Probabilistic Graphical Models

Directed graphical models (DGMs) provide a language for representing joint distributions over many variables compactly. By encoding conditional independence assumptions as a directed acyclic graph (DAG), we can specify and reason about high-dimensional distributions that would otherwise be intractable.

In this lecture we cover:

Product-rule factorization and the DAG representation
Plate notation for repeated structure
Conditional independence and the Markov blanket
Exchangeability and de Finetti’s theorem

import io
import matplotlib.pyplot as plt
import matplotlib.image as mpimg
from daft import PGM

def pgm_to_img(pgm):
    """Render a PGM to an RGBA image array."""
    pgm.render()
    ax = plt.gca()
    ax.set_aspect('equal')
    buf = io.BytesIO()
    fig = plt.gcf()
    fig.savefig(buf, format='png', bbox_inches='tight', dpi=150)
    buf.seek(0)
    img = mpimg.imread(buf)
    plt.close(fig)
    return img

Directed Graphical Models¶

Motivation¶

Consider a joint distribution $p(x_1, \ldots, x_D)$ over $D$ discrete variables, each taking values in $\{1, \ldots, K\}$ . An arbitrary distribution on $D$ such variables requires $K^D - 1$ parameters — exponential in $D$ . Even for modest $D$ and $K$ this is enormous.
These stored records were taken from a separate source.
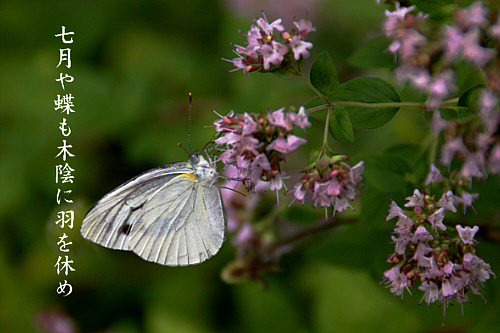 e0099713_201595.jpg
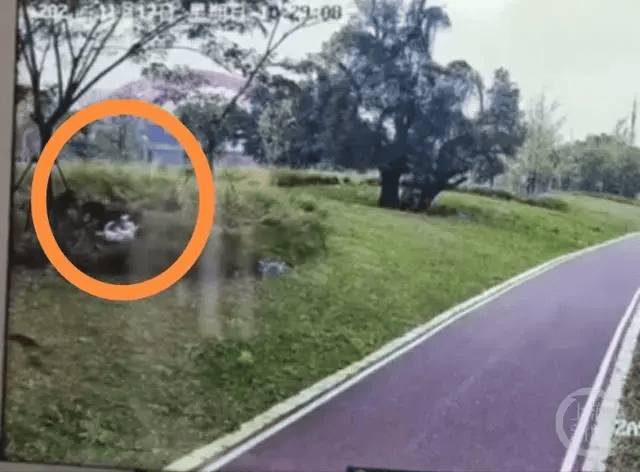 热闻|母女公园散步遭四条大型犬撕咬！家属：狗主人以没钱为由<strong></p>
<p>债券交易市场有哪些</strong>，至今未露面，治疗费用也未偿清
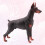 Raindrops  Simulated Doberman Pinscher Sculptures & Figurine 4
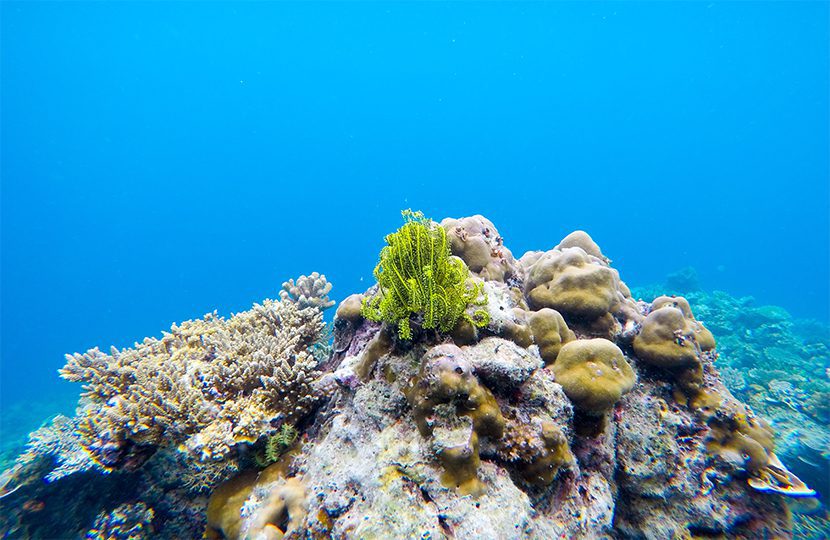 Palawan is a diver’s dream with hundreds of unique species found only in its water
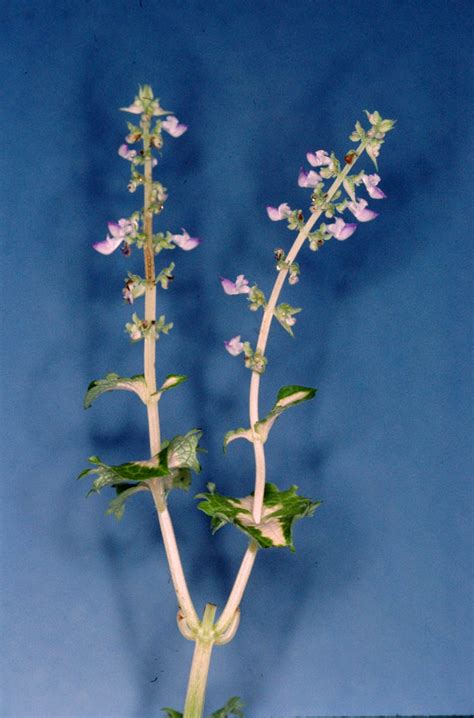 Plectranthus Scutellarioides Lamiaceae Image 5998 At PhytoImages Siu Edu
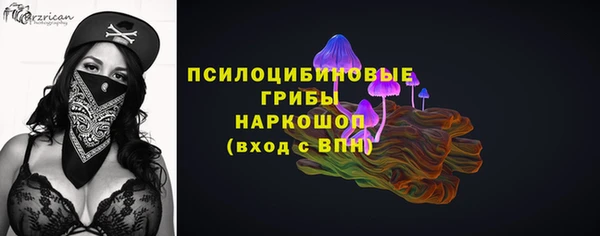 соль курить ск Новозыбков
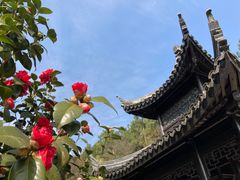 -九龙潭景区
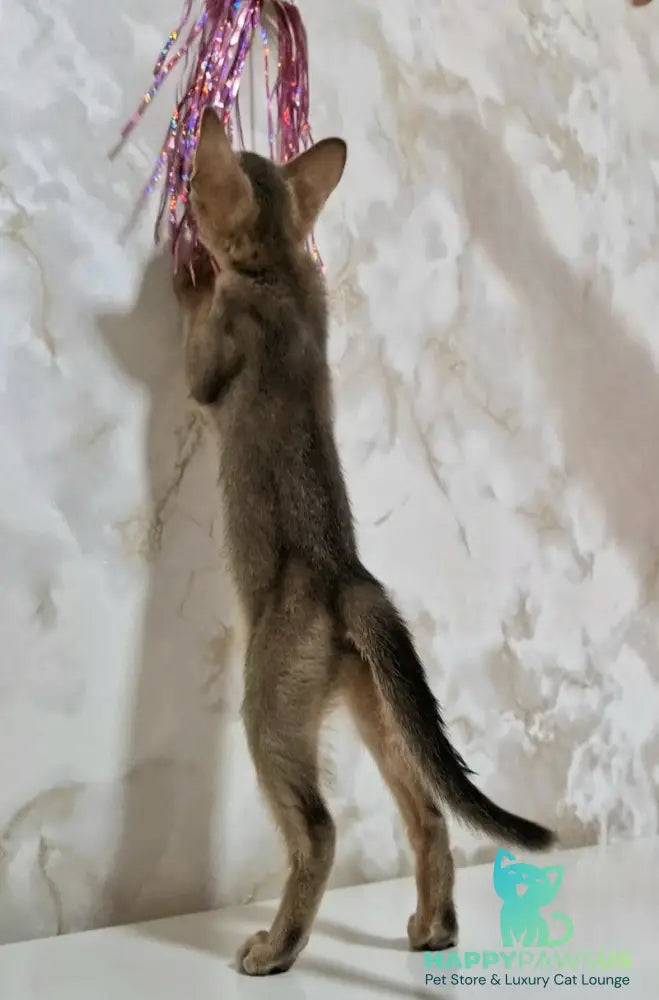 Isida Abyssinian female cinnamon - live animals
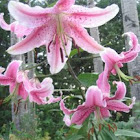 Stargazer Lily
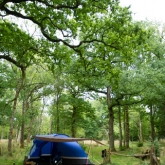 Greenfields Forest Camping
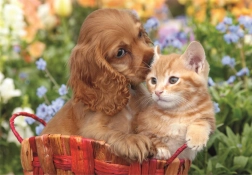 Puzzle maxi 104 dijelova Slatki prijatelji CLEMENTONI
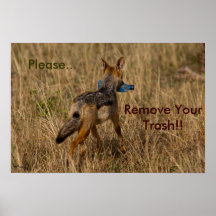 Jackal Trash Collector Print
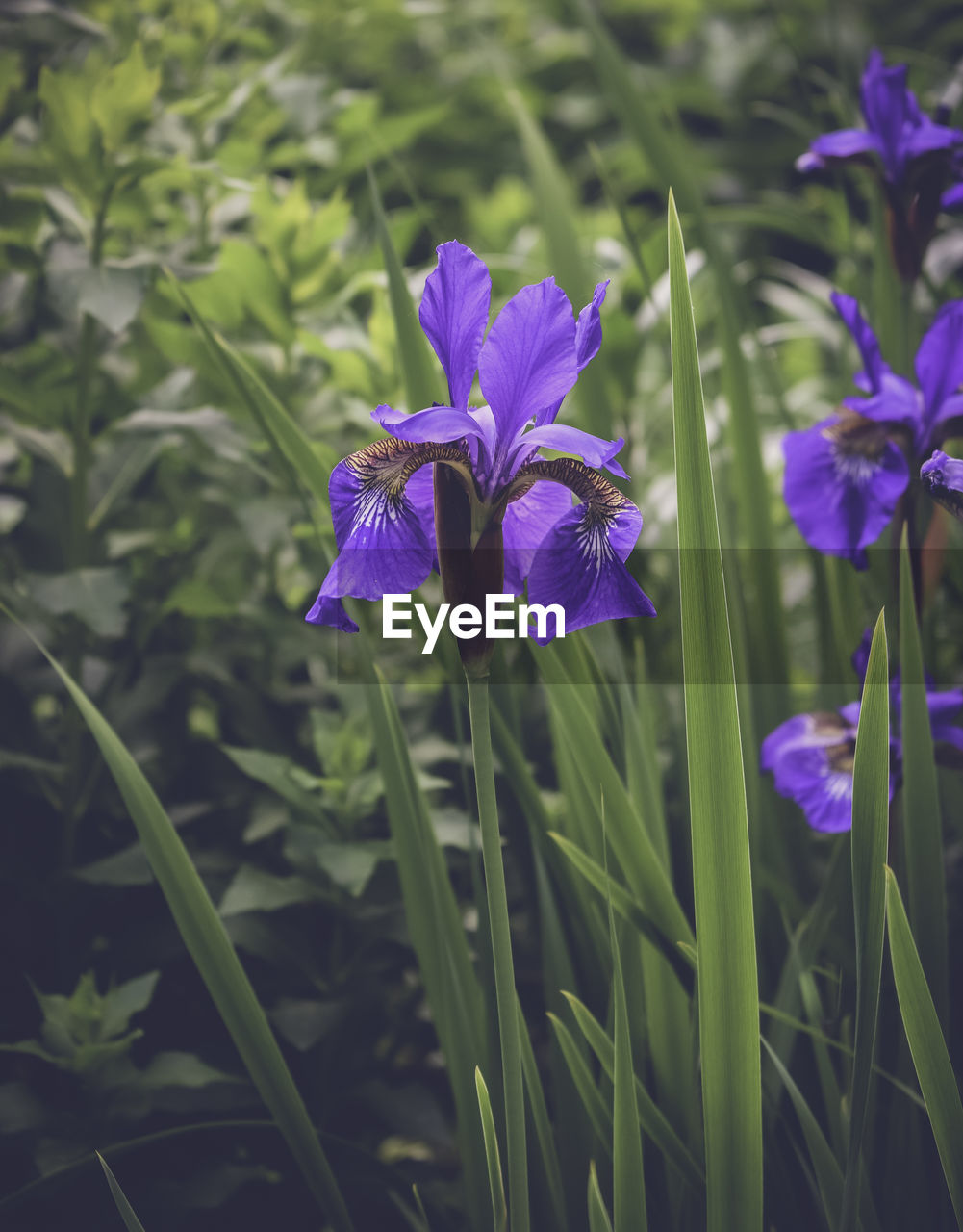 plant, flower, flowering plant, beauty in nature, freshness, purple, growth, fragility, close-up, iris, petal, nature, inflorescence, flower head, no people, focus on foreground, botany, day, green, plant stem, outdoors, plant part, blossom, leaf, field, springtime, land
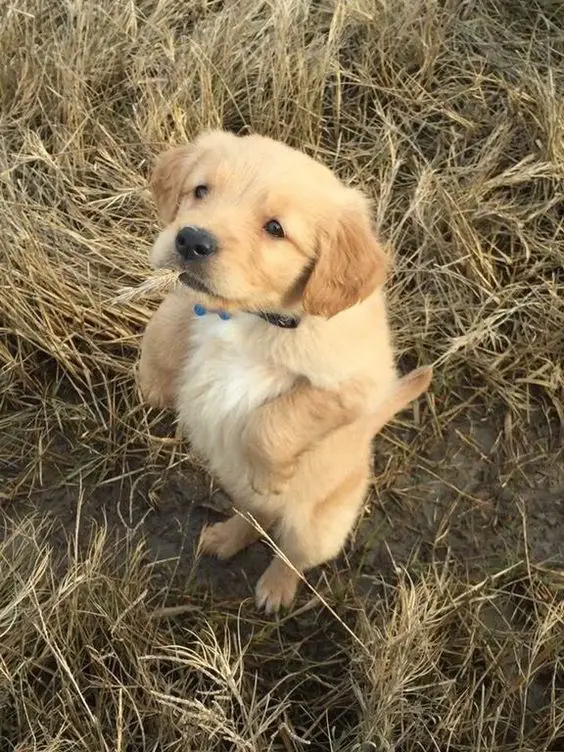 A Golden Retriever puppy standing on the grass with a grass in its mouth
The product rule always lets us factor any joint distribution as a chain,

\begin{align} p(\mbx) &= p(x_1) \, p(x_2 \mid x_1) \, p(x_3 \mid x_1, x_2) \cdots p(x_D \mid x_1, \ldots, x_{D-1}). \end{align}

(1)

But this representation is equally expensive: conditioning on all preceding variables.

The key idea of graphical models is that many conditional independencies in real-world distributions make most of these conditions unnecessary. If $x_d$ only depends on a small subset $\mathsf{pa}_d \subseteq \{1, \ldots, d-1\}$ of the preceding variables (its parents), then

\begin{align} p(\mbx) &= \prod_{d=1}^D p(x_d \mid \mbx_{\mathsf{pa}_d}). \end{align}

(2)

The number of parameters is now $\sum_{d=1}^D K^{|\mathsf{pa}_d|}$ , which is manageable when $|\mathsf{pa}_d|$ is small.

Definition¶

A directed graphical model (DGM), or Bayesian network, represents this factorization as a directed acyclic graph (DAG):

Each node corresponds to a variable $x_d$ — it may be discrete or continuous, scalar or multidimensional.
A directed edge from node $i$ to node $j$ means $i \in \mathsf{pa}_j$ .
The graph must be acyclic (no directed cycles), which ensures the product factorization is well-defined.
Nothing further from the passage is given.